Wherever a picture appears, skip it and retype the rest of the data exactly.

===== Information provided =====

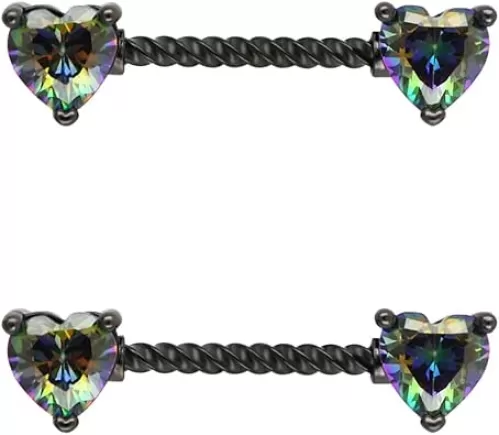 Excepro Nipple Ring 316L Surgical SS Multicolor PVD Plated Rainbow CZ Heart Round Shiny Mysterious Sparkly Nipple Jewelry Rings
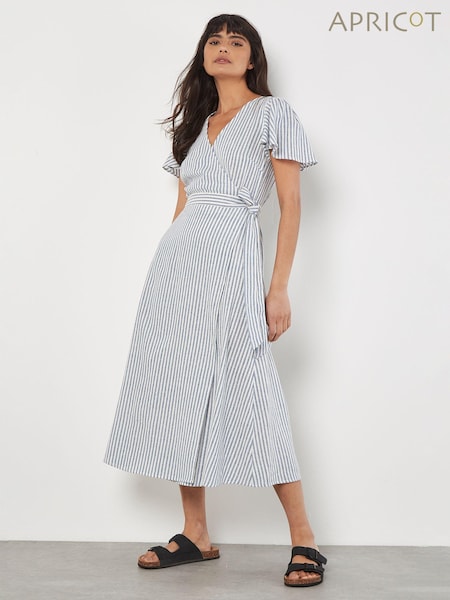 Apricot Blue Oxford Stripe Wrap Dress (E06233) | €27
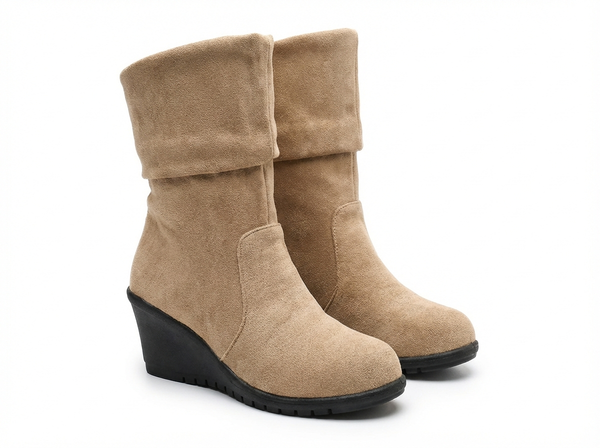 Santiag mi-haute marron clair Daim Femme - Talon compensé noir élégant et repliable - three_quarter_view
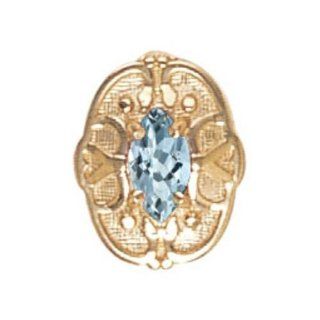 14K Gold Marquise Aquamarine Victorian Slide Bracelet GS465 AQ Charms Jewelry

=====

- [Reply]
 Excepro Nipple Ring 316L Surgical SS Multicolor PVD Plated Rainbow CZ Heart Round Shiny Mysterious Sparkly Nipple Jewelry Rings
 Apricot Blue Oxford Stripe Wrap Dress (E06233) | €27
 Santiag mi-haute marron clair Daim Femme - Talon compensé noir élégant et repliable - three_quarter_view
 14K Gold Marquise Aquamarine Victorian Slide Bracelet GS465 AQ Charms Jewelry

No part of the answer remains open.